>>>

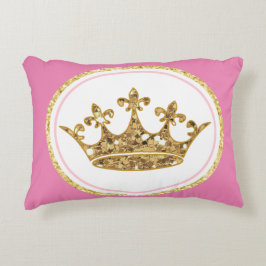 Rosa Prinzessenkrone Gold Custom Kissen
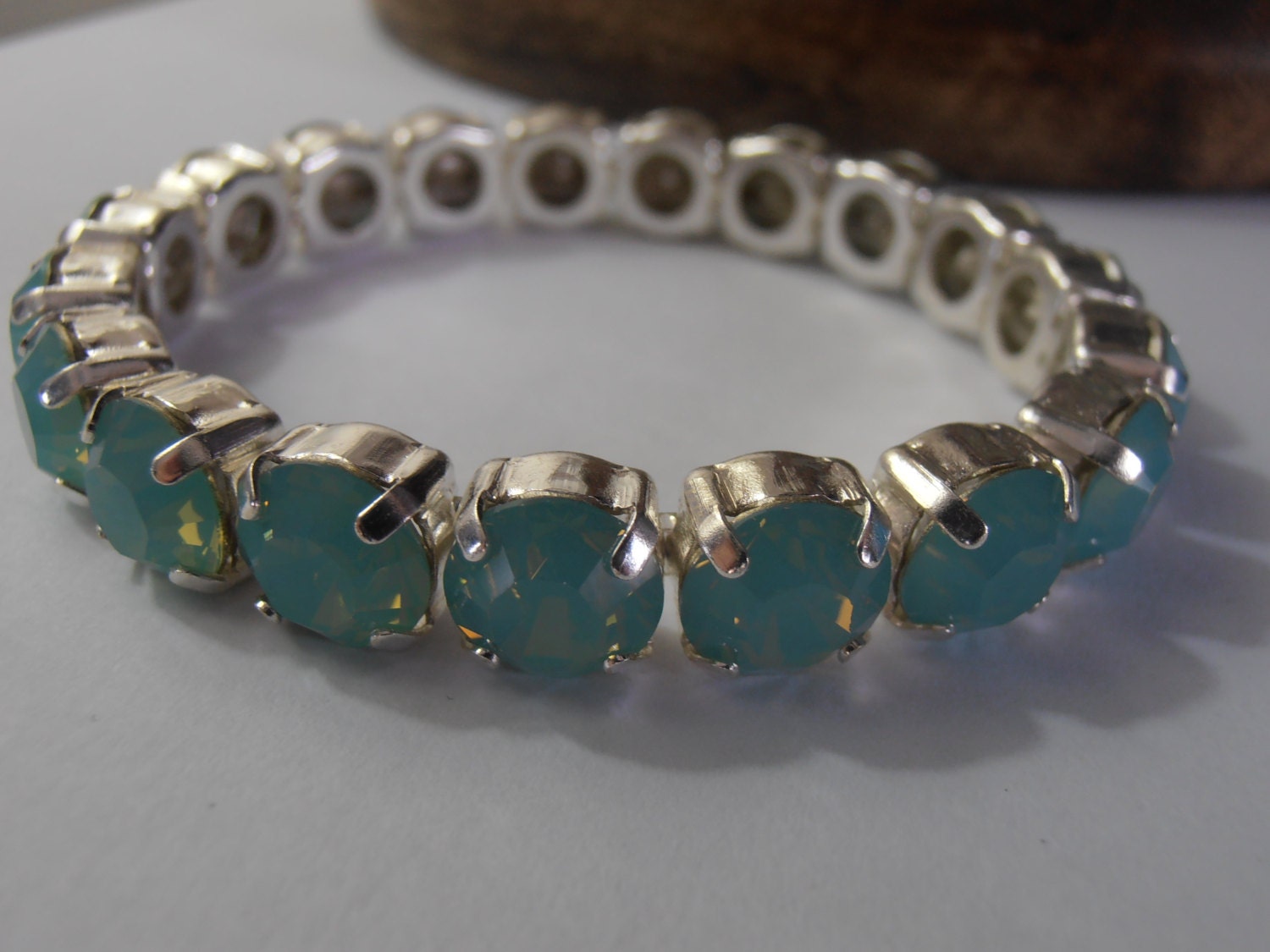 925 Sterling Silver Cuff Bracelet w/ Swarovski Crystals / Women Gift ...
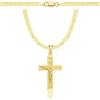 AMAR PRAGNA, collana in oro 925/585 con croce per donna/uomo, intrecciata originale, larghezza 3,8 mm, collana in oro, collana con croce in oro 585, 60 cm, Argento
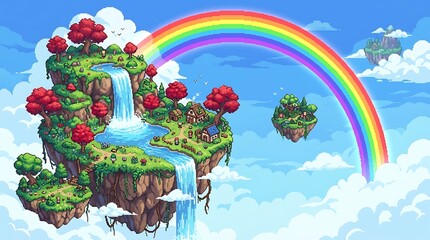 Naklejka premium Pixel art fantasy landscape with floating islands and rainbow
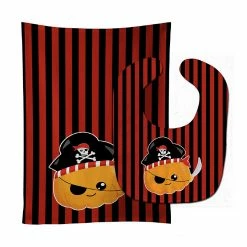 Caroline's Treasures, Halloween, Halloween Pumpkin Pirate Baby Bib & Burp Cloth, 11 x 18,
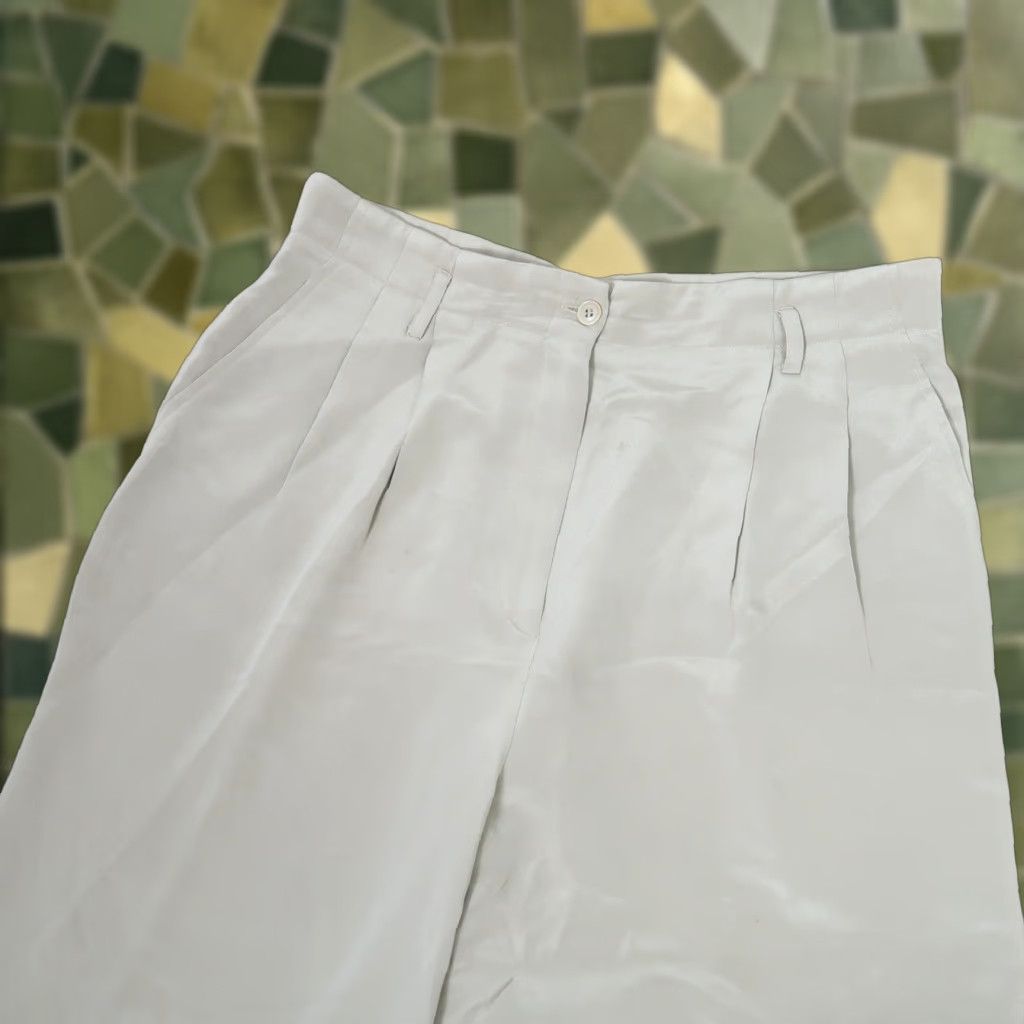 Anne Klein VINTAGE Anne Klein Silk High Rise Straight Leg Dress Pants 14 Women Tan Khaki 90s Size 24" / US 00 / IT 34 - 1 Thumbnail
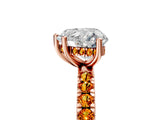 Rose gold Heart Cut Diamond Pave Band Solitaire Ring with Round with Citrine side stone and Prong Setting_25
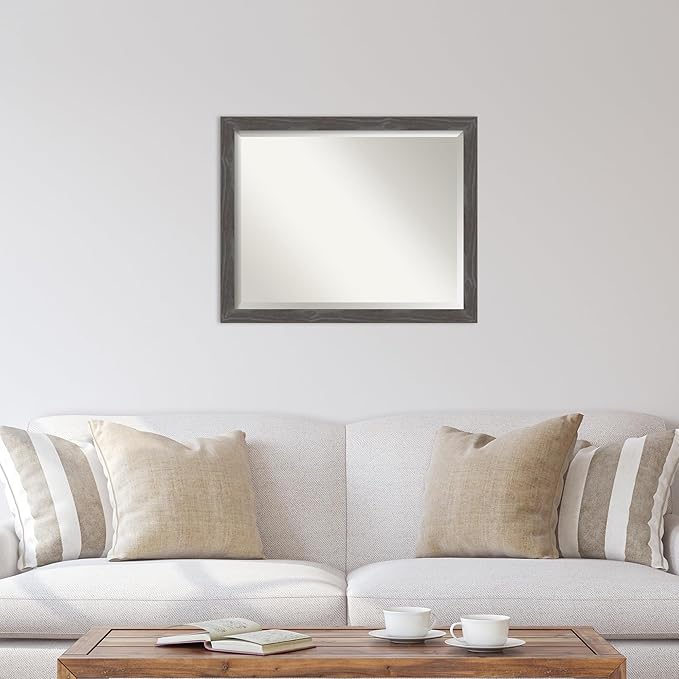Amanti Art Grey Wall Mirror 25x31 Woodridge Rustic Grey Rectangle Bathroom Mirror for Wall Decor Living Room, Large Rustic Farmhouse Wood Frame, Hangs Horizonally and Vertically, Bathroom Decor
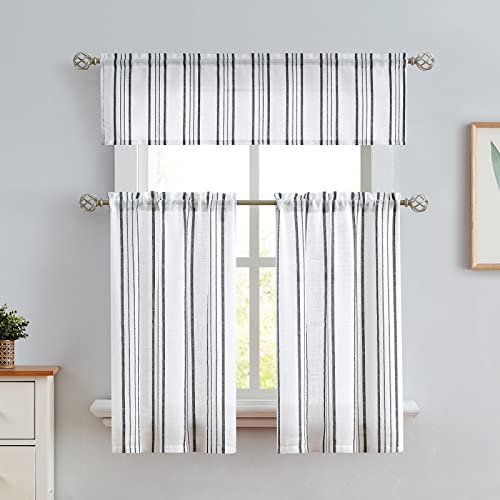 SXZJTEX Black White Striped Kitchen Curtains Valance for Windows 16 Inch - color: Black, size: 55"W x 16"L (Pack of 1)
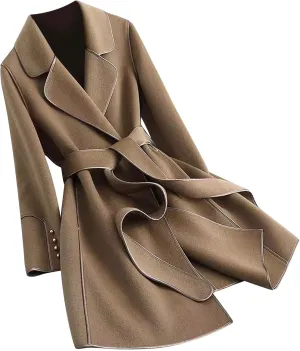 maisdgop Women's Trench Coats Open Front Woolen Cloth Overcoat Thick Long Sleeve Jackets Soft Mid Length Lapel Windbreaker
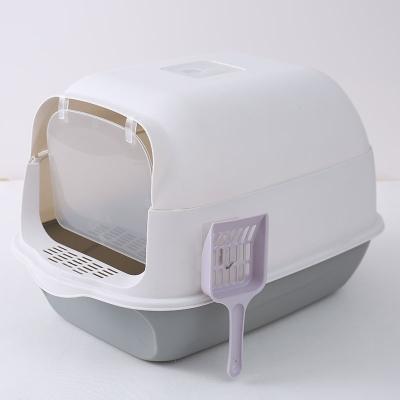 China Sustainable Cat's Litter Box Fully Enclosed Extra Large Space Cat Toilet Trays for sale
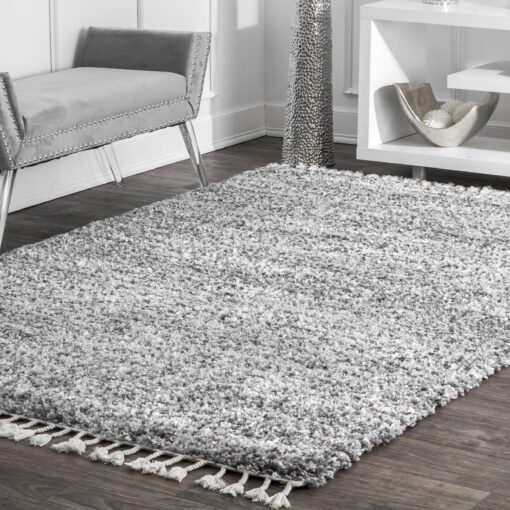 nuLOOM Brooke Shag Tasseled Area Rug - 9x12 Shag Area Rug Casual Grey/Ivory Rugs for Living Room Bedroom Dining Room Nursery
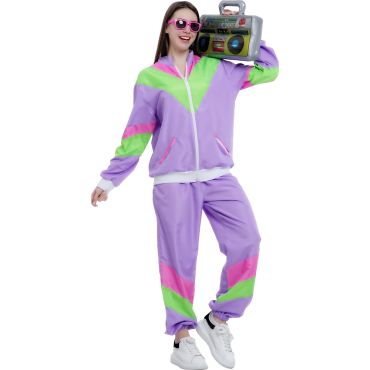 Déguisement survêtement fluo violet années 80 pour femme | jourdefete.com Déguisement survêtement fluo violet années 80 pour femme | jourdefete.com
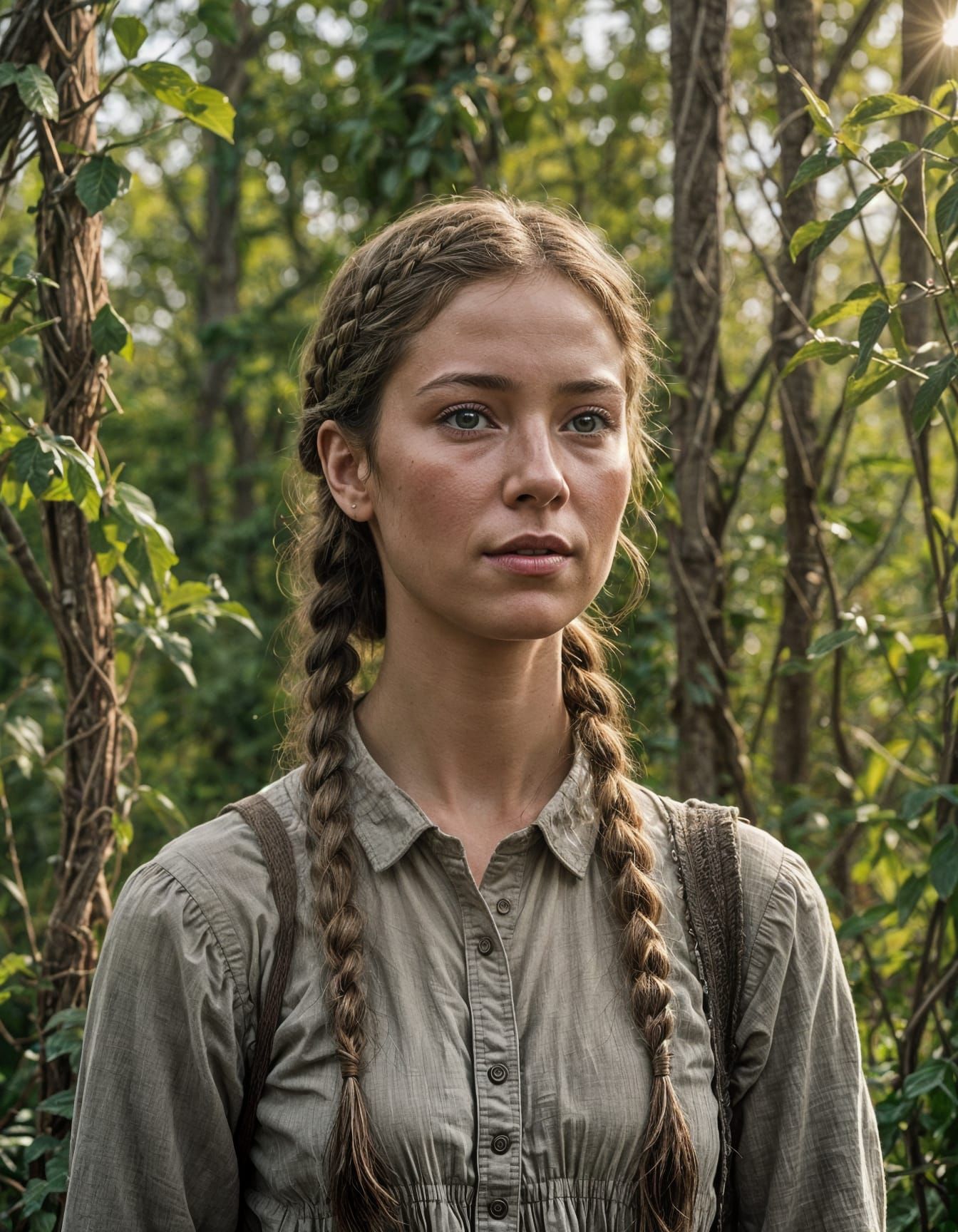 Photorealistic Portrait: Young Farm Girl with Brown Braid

<<<

Problem - From the line containing "nuLOOM Brooke Shag" to the last line of the entries, copy every line exactly, including both ends, and leave out the pictures.

Result -
 nuLOOM Brooke Shag Tasseled Area Rug - 9x12 Shag Area Rug Casual Grey/Ivory Rugs for Living Room Bedroom Dining Room Nursery
 Déguisement survêtement fluo violet années 80 pour femme | jourdefete.com Déguisement survêtement fluo violet années 80 pour femme | jourdefete.com
 Photorealistic Portrait: Young Farm Girl with Brown Braid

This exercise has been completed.